Date: Thu, 12 Feb 2009 14:10:11 +1100 [thread overview]
Message-ID: <20090212031011.23983.37119.stgit@notabene.brown> (raw)
In-Reply-To: <20090212031009.23983.14496.stgit@notabene.brown>
---
drivers/md/md.c | 79 ++++++++++++++++++++++++++++++++++++---------
include/linux/raid/md_k.h | 2 +
2 files changed, 66 insertions(+), 15 deletions(-)
diff --git a/drivers/md/md.c b/drivers/md/md.c
index cbe0f20..0e0e1ff 100644
--- a/drivers/md/md.c
+++ b/drivers/md/md.c
@@ -202,12 +202,68 @@ static DEFINE_SPINLOCK(all_mddevs_lock);
)
-static int md_fail_request(struct request_queue *q, struct bio *bio)
+/* Rather than calling directly into the personality make_request function,
+ * IO requests come here first so that we can check if the device is
+ * being suspended pending a reconfiguration.
+ * We hold a refcount over the call to ->make_request.
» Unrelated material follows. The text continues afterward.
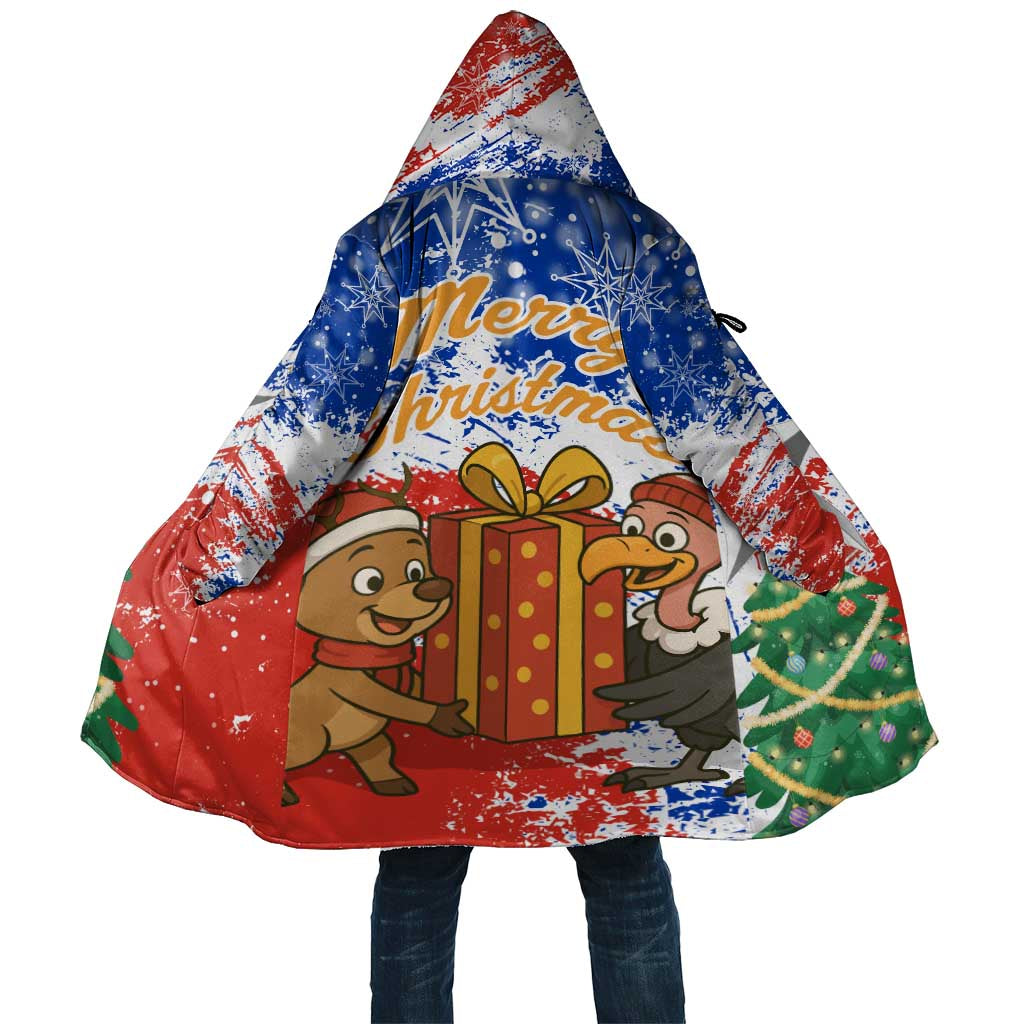 Chile Christmas Cloak with Flag Colors Tree Reindeer Condor and Gift Design - Wonder Print Shop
By the time that
+ * call has finished, the bio has been linked into some internal structure
+ * and so is visible to ->quiesce(), so we don't need the refcount any more.
+ */
+static int md_make_request(struct request_queue *q, struct bio *bio)
{
- bio_io_error(bio);
- return 0;
+ mddev_t *mddev = q->queuedata;
+ int rv;
+ if (mddev == NULL || mddev->pers == NULL) {
+ bio_io_error(bio);
+ return 0;
+ }
+ rcu_read_lock();
+ if (mddev->suspended) {
+ DEFINE_WAIT(__wait);
+ for(;;) {
+ prepare_to_wait(&mddev->sb_wait, &__wait,
+ TASK_UNINTERRUPTIBLE);
+ if (!mddev->suspended)
+ break;
+ rcu_read_unlock();
+ schedule();
+ rcu_read_lock();
+ }
+ finish_wait(&mddev->sb_wait, &__wait);
+ }
+ atomic_inc(&mddev->active_io);
+ rcu_read_unlock();
+ rv = mddev->pers->make_request(q, bio);
+ if (atomic_dec_and_test(&mddev->active_io) && mddev->suspended)
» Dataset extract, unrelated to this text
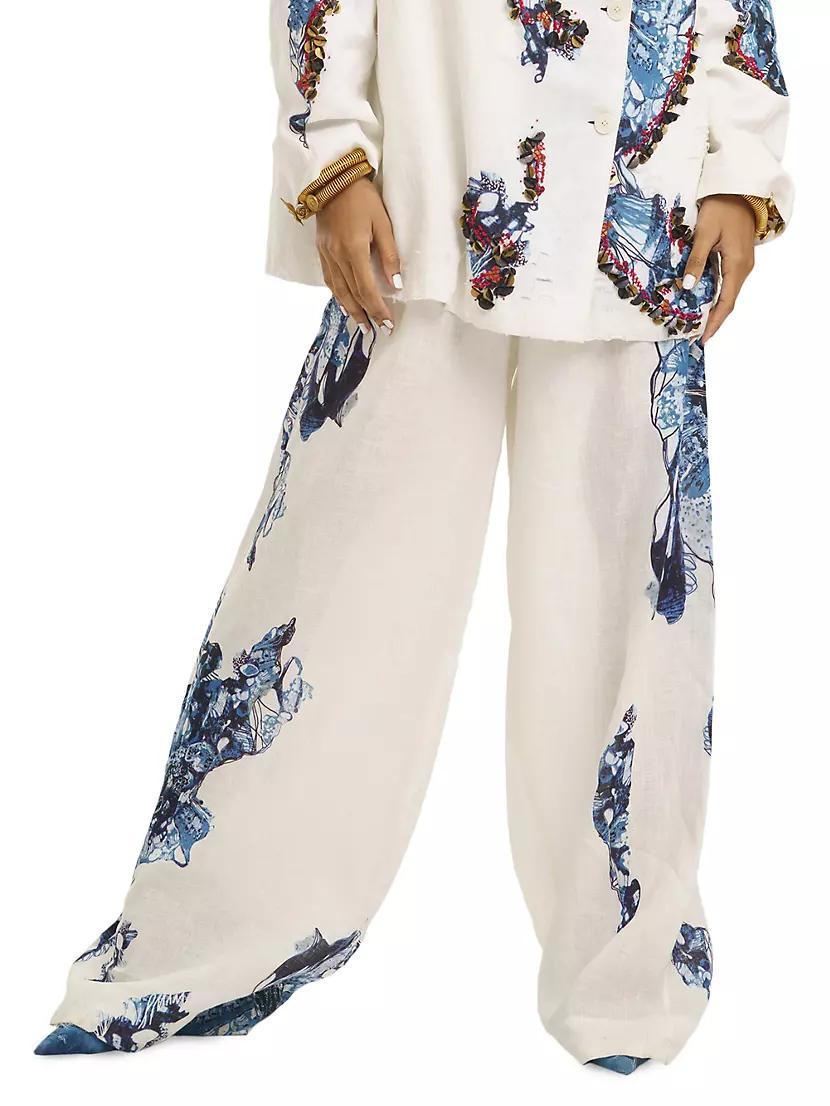 Broad Wide-Leg Linen Pants Product Image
+ wake_up(&mddev->sb_wait);
+
+ return rv;
}
+static void mddev_suspend(mddev_t *mddev)
+{
+ BUG_ON(mddev->suspended);
+ mddev->suspended = 1;
+ synchronize_rcu();
+ wait_event(mddev->sb_wait, atomic_read(&mddev->active_io) == 0);
+ mddev->pers->quiesce(mddev, 1);
+ md_unregister_thread(mddev->thread);
+ mddev->thread = NULL;
+ /* we now know that no code is executing in the personality module,
+ * except possibly the tail end of a ->bi_end_io function, but that
+ * is certain to complete before the module has a chance to get
+ * unloaded
+ */
+}
+
+static void mddev_resume(mddev_t *mddev)
+{
+ mddev->suspended = 0;
+ wake_up(&mddev->sb_wait);
+ mddev->pers->quiesce(mddev, 0);
+}
+
+
static inline mddev_t *mddev_get(mddev_t *mddev)
{
atomic_inc(&mddev->active);
@@ -315,6 +371,7 @@ static mddev_t * mddev_find(dev_t unit)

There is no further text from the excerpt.